For the tasks where the agent interacts with unknown things (e.g. measuring the properties of unknown substances), these are always explicitly labeled so it's very clear what specific object the agent should use (e.g. "Unknown Substance A"). These unknown substance tasks are largely paired with other tasks that have named substances (e.g. "water"), to test whether the agent understands the procedure (e.g. how to measure the boiling point of a substance), or whether they're just retrieving that knowledge from their voluminous knowledge bases.

yukioichida commented 9 months ago

Oh I think I see the deeper question. The agent should be able to use an existing knowledge of elementary-school science and common-sense reasoning to be able to interact with the environment and reach the goal states (i.e., their knowledge of elementary science is requisite prior knowledge).
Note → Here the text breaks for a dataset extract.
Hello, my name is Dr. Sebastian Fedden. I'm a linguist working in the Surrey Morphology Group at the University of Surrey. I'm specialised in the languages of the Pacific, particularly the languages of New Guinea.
If they don't have this background (e.g. a tabula rasa agent), it might be hard, though it's definitely possible that it might be able to learn these concepts (e.g. what changes of state are) just from interaction with the environment. Though that may take a very large number of steps.
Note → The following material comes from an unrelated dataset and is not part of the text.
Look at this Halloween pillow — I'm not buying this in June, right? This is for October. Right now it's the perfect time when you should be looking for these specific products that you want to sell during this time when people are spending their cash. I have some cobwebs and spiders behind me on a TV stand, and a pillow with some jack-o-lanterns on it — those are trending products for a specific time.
Exactly. The goal might be similar, and I totally agree that agents should generalize beyond the text of the task description and understand the semantics of natural language. However, the goal state is not necessarily the same between train and test variations (e.g. Your task is to boil water != Your task is to boil gallium) and, hence, it turns more challenging to deal with such tasks properly since the agent lacks of prior knowledge about the test variation goal.

For the tasks where the agent interacts with unknown things (e.g. measuring the properties of unknown substances), these are always explicitly labeled so it's very clear what specific object the agent should use (e.g. "Unknown Substance A"). These unknown substance tasks are largely paired with other tasks that have named substances (e.g. "water"), to test whether the agent understands the procedure (e.g. how to measure the boiling point of a substance), or whether they're just retrieving that knowledge from their voluminous knowledge bases.

Thanks for this explanation, currently we only focus on boiling, melting and change of matter tasks since most approaches results lowest scores.  We are planning to look further to all other scienceworld tasks in the future to deal with unknown substances and reasoning over it.